= Afshin Sheikholeslami Vatani =

Iranian Kurdish political activist

Afshin Sheikholeslami Vatani is an Iranian Kurdish political activist, a civil engineer, and environmentalist. Vatani is also a US resident who had immigrated to America in 2015. Vatani was first detained in 2003 by Intelligence Ministry officials in Sanandaj and sentenced to one year in prison for "propaganda against the state." He was captured again two years later and served the remainder of his sentence. On 17 February 2019, he was detained with his other co-members of the National Unity Party for “spreading propaganda against the Islamic Republic of Iran”. He was released on 5 billion Rial bail after one month of imprisonment.

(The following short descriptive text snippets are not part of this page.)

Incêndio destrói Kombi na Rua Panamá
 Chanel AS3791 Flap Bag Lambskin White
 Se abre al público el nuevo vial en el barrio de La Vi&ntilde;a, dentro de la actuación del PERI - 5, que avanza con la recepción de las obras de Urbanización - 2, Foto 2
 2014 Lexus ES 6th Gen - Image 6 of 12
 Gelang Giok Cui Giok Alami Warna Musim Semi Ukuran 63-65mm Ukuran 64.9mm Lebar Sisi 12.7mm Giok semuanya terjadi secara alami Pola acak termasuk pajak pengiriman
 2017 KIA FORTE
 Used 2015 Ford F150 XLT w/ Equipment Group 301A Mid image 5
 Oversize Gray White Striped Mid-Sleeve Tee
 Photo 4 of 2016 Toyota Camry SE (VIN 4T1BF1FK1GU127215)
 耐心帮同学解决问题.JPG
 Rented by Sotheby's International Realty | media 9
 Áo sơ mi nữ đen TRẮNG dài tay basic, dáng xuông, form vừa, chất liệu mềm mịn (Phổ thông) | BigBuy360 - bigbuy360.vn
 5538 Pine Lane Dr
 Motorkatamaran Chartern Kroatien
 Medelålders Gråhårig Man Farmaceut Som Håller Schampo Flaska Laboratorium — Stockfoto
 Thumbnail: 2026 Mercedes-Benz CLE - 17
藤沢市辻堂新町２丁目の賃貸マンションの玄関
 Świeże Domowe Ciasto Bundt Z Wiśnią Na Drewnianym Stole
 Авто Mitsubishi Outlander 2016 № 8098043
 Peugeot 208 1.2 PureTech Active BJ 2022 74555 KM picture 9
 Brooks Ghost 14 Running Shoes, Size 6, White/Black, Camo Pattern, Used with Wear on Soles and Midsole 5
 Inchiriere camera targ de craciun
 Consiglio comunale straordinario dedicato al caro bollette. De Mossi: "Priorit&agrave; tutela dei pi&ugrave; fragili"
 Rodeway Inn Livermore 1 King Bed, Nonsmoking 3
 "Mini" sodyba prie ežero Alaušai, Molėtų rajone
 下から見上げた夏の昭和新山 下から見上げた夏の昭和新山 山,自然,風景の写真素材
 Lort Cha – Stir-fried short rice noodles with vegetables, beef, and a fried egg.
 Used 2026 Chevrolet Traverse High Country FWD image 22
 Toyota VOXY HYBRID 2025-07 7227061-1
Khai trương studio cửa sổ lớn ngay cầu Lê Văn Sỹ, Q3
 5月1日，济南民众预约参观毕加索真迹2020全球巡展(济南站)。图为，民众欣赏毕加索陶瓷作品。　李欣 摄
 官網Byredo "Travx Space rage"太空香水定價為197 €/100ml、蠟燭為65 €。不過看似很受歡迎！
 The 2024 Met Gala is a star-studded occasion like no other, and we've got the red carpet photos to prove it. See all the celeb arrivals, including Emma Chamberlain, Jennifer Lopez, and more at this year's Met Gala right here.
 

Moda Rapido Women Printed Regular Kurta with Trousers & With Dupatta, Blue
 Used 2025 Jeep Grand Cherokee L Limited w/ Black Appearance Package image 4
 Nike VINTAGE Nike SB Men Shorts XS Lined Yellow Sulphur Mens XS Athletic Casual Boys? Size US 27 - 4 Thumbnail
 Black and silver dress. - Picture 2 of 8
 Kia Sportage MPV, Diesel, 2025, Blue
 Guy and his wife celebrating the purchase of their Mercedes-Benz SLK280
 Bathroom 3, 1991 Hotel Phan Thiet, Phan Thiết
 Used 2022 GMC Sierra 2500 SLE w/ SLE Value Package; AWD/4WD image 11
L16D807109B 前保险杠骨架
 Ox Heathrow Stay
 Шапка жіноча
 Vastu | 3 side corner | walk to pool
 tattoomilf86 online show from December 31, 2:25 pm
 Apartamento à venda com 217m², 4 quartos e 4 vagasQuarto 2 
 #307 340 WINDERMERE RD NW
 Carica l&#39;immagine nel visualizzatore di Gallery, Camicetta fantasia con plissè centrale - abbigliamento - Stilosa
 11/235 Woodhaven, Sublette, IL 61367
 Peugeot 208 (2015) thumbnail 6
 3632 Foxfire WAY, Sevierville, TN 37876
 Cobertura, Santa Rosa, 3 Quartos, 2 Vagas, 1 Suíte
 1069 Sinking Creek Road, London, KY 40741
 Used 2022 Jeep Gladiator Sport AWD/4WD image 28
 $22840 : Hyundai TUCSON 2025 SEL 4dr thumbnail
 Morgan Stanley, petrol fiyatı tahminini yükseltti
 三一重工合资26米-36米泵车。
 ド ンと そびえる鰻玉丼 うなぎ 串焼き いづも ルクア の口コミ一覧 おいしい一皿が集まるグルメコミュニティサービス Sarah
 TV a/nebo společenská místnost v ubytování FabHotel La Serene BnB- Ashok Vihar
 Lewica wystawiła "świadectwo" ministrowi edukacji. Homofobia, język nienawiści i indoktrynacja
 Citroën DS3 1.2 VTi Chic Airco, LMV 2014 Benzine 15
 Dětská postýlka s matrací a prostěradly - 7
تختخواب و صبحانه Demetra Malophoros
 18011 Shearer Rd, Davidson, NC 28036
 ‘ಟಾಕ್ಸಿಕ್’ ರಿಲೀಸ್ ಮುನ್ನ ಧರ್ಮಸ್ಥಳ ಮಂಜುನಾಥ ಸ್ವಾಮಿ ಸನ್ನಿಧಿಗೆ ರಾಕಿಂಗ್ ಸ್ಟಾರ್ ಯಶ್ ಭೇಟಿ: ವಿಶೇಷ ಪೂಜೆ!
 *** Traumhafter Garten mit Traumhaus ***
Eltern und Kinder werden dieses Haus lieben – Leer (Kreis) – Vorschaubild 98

On 19 March 2019, it was reported that Vatani and two other activists, Arman Vafaei and Fardin Karimi, were temporarily released until the trial on bail of 500 million tomans (about $120,000) each. Vatani has denied the charges conveyed against him. On 27 June 2020, he was arrested at his family's home in Sanandaj by the security forces linked with the Iranian Ministry of Intelligence. The Iranian Revolutionary Court confiscated his passport and banned him from leaving the country. Vatani is charged with disrupting public order and is a Kurdistan Free Life Party (PJAK) member, an armed Kurdish opposition group. On 31 July 2020, it was reported that Vatani has still not been charged by the Iranian judiciary 35 days after his arrest. His imprisonment has been extended by the Sanandaj prosecutor's office's second branch. On 20 September 2020, after over three months in detention, Vatani was released on 200 million Toman bail.